案の定、Balloonは地上に固定されたままだ。受付とかチケット売り場が見当たらない。電話をして問い合わせると
「今日は天候が悪いので中止だ。」と言う。こんなに良いお天気に回復したのにどうして? さっきの電話の返事は何だったの?
疑問は湧くがどうなるものでもない。明日のチャレンジとしよう。
となれば、空いた時間でガーデンをもう一つ訪れよう。ホテルでのクリームティーも明日に伸ばし、
公園の売店のソフトクリームを楽しむ。向こうの建物から音楽が聞こえる。なにやら音楽会が開かれているらしい。暫し鑑賞。
Kingston Lacy Garden
この17世紀からの邸宅はナショナルトラストのプロパティーである。入り口で素晴らしいバラと時計塔に迎えられる。
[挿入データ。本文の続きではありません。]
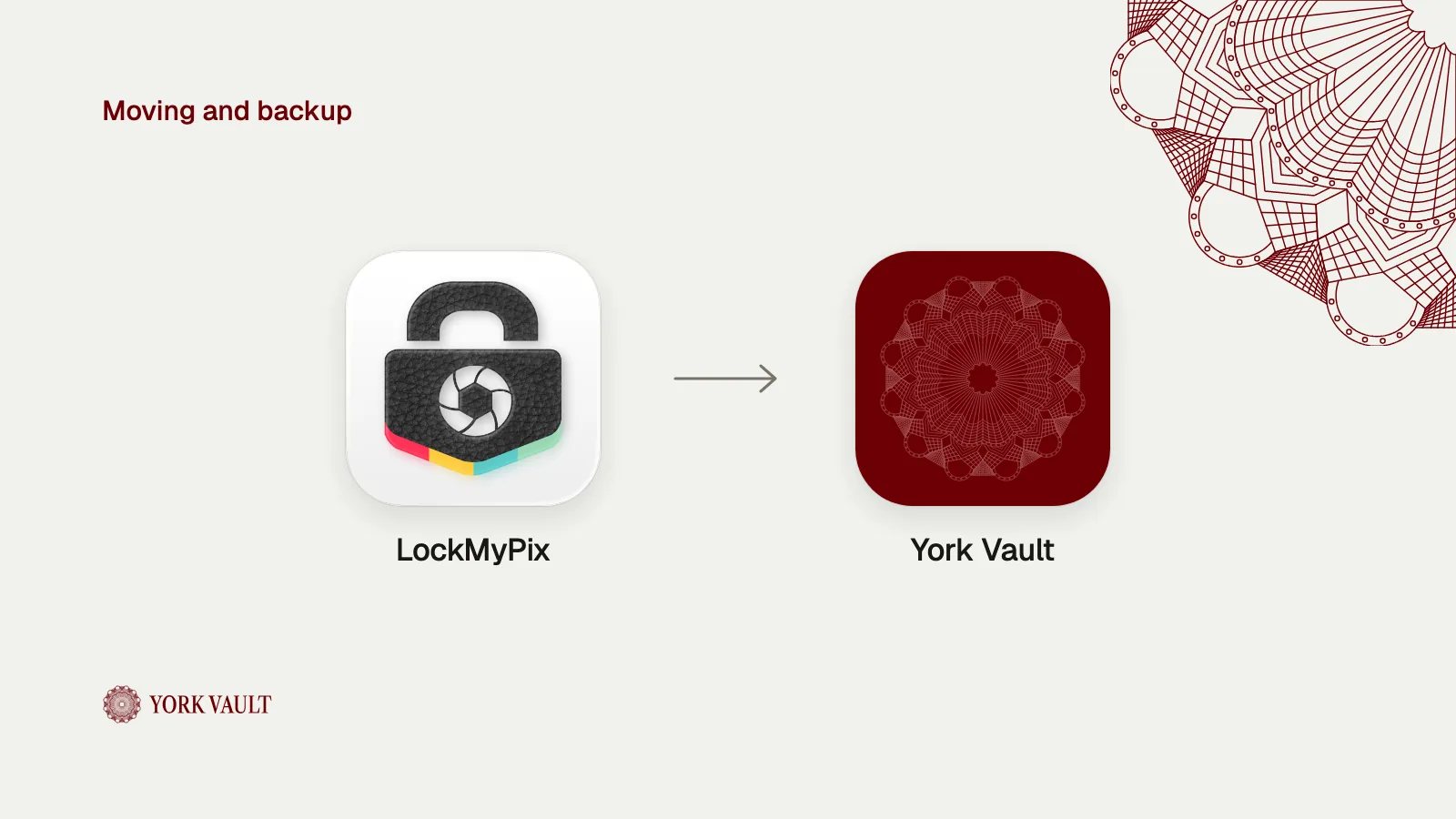 LockMyPix app icon with an arrow to the York Vault app icon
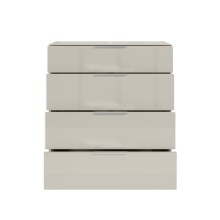 Schubkastenkommode >Santorin< Glasfronten in Kaschmir - 90x99x40cm (BxHxT)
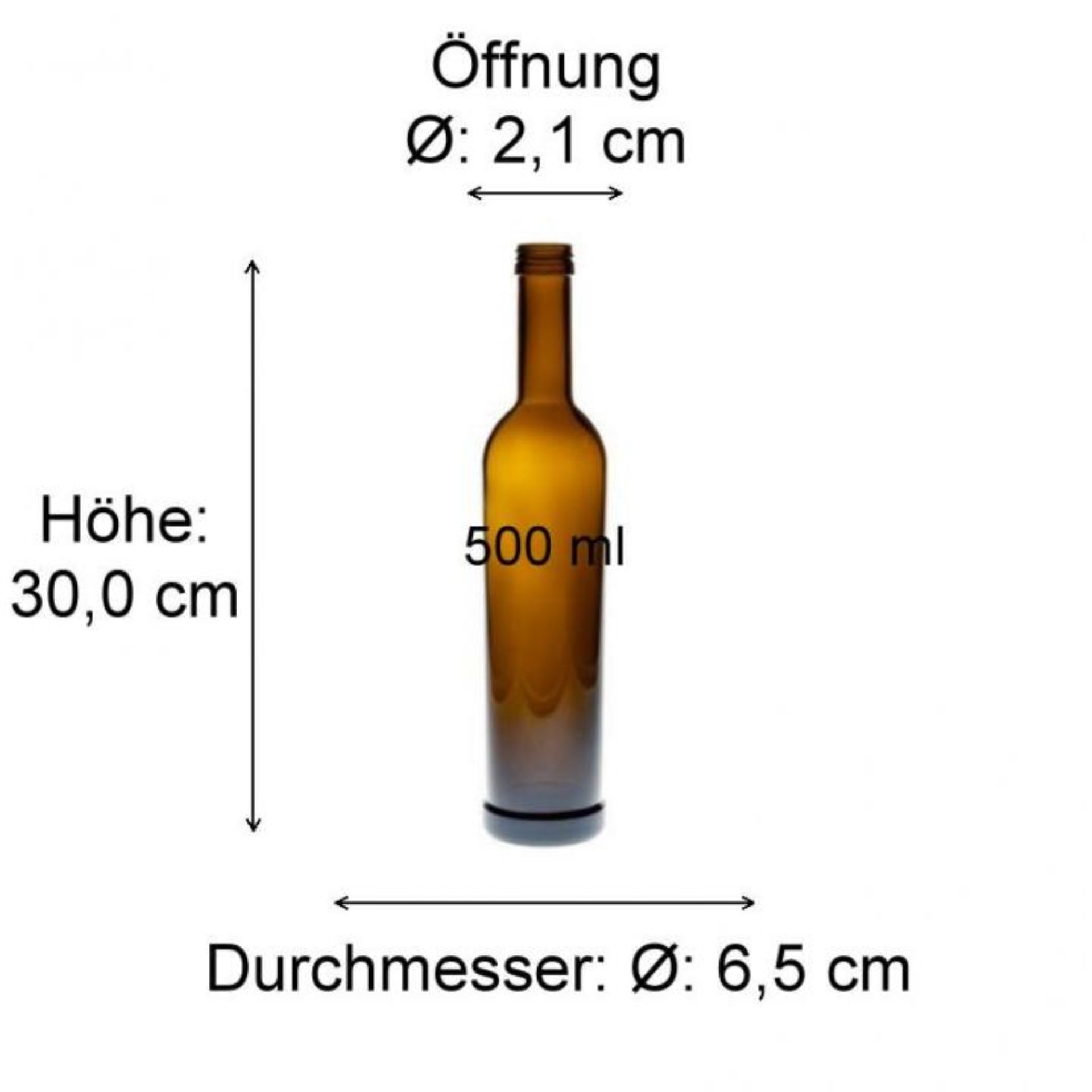 Bild mit Abmessungen der VI129 Glaskaraffe von Flaschen, Gläser und Dosen – detaillierte Skizze der Maße und Form, ideal für Produktpräsentationen und Einkaufsentscheidungen.
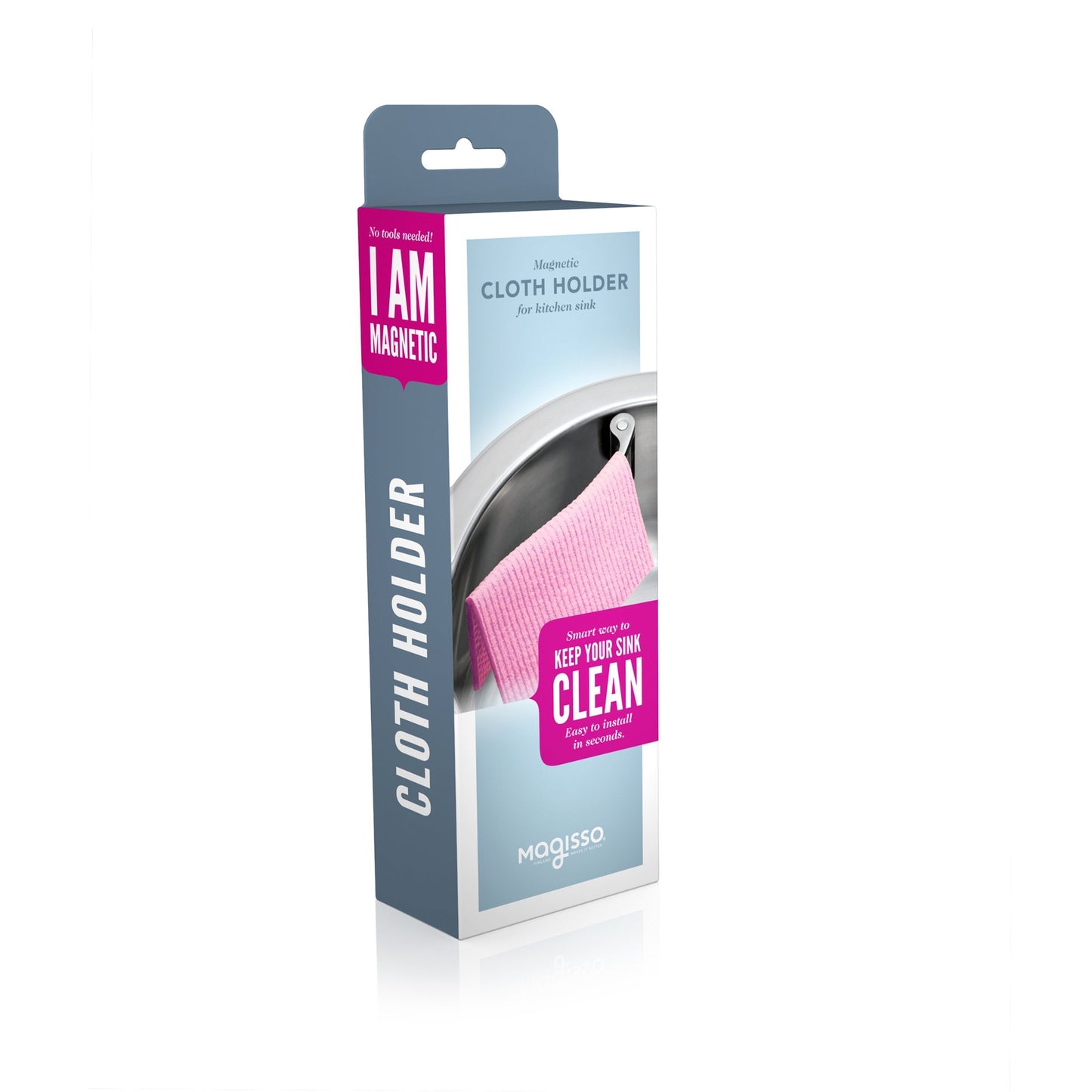 Magisso Magnetic Dish Cloth Holder in Curved Stainless Steel #70100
ガーデンに入るとそこはSouth Terraceだ。鮮やかな黄色のバラの植え込みの中に、金色に輝く日時計が鎮座している。
日時計その2だ。
お館の方でコーラスの歌声が聞こえる。階段をステージに着飾った紳士淑女が伴奏もなしに歌っている。いい声だ。
正面で熱心に聴いている女性に訊ねると年に一回の行事らしいが詳細は聞き取れなかった。
テラスから1段下がって広大な芝の広場South Lawnが広がる。
広場の西側に美しい姿の松の巨木が青空に映える。
お館の東側には整形式ガーデンがある。ベゴニアが育った姿を想像したらコーンウォールのLanhydrock Houseを思い出した。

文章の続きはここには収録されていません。